First off, you presume that hackers would care.  You want to have your cake
and eat it.  You want the creativity and dedication of the hacker, but in an
easily manageable, bureaucracy-friendly package.  As though this were a
simple matter of telling a hacker the facts of life.  Again, you raise this
idea of a "top-shelf" engineer.  Good engineers are creative.
Creative
people are often, shall we say, eccentric.  Eccentric people are, by nature,
sometimes hard to manage.  And companies that recognize this, and even nuture
it, are often more successful than those that try more traditional forms of
managagement.

>NB: I've removed alt.hackers from the newsgroups.  I have no interest
>in exerting even the minimal effort to forge an approval (I assume
>that alt.hackers is still the no-moderator moderated list it used
>to be), and I suspect that few in that newsgroup will much want to
>see what I have to say, anyway....

I put it back, and boy was that forgery exhausting.  To be honest, I really
have to wonder if you know how to forge such a thing.  But that is not really
the issue.  No, maybe some there would not appreciate your view, but they,
perhaps more than any others, have a right to comment.

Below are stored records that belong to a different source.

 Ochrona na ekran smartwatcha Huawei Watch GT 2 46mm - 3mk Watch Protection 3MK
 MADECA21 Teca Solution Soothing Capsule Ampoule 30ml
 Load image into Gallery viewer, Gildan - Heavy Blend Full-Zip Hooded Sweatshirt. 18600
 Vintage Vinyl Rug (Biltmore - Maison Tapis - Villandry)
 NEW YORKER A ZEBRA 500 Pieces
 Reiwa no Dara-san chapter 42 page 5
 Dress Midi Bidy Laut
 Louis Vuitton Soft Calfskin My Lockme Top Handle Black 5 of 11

>} Section 0: Basic understanding.
>}
>} 0.0:	Won't my hacker break into my computer and steal my trade
secrets?
>}
>} A:	No.  Hackers aren't, contrary to media reporting, the
people who
>}	break into computers.  Those are crackers.  Hackers are people who
>}	enjoy playing with computers.  Your hacker may occasionally
>}	circumvent security measures, but this is not malicious; they just
>}	do it when the security is in their way, or because they're curious.
>
>Indeed, and generally with NO regard for the repercussions or ramifications
>of subverting the security.

Actually, probably more so, and with a better perception of the realities
involved, than the system administrator.  A hacker has no desire to wipe out
his creation by a careless violation of security, but he also often recognizes
the silliness of some systems excesses.

>} 0.1:	Was it a good idea to hire a hacker?
>}
>} A:	It depends on the job.	A hacker can be dramatically more
effective
>}	than a non-hacker at a job, or dramatically less effective.  Jobs
>}	where hackers are particularly good are:
>}		Systems administration
>}		Programming
>}		Design
>
>I disagree [having seen *TONS* of code produced by hackers over theyears
>[and even having been considered one to some extent, this back before
>some of you were born].].  The key qualities, I think for hacker-suitable
>jobs are:
>   1) the job can be done by ONE person

You are somewhat correct here.	Of course, this is as much function of the
quality and personalities of the other programmers, as anything.  Quite
frankly, we don't work well with people who are faking it.  I know, I have
been there.

>   2) you don't particularly care if it is ever properly documented, really
>	  quite finished, if it really does exactly what you wanted it to do or
>	  if anyone else can effectively work on it.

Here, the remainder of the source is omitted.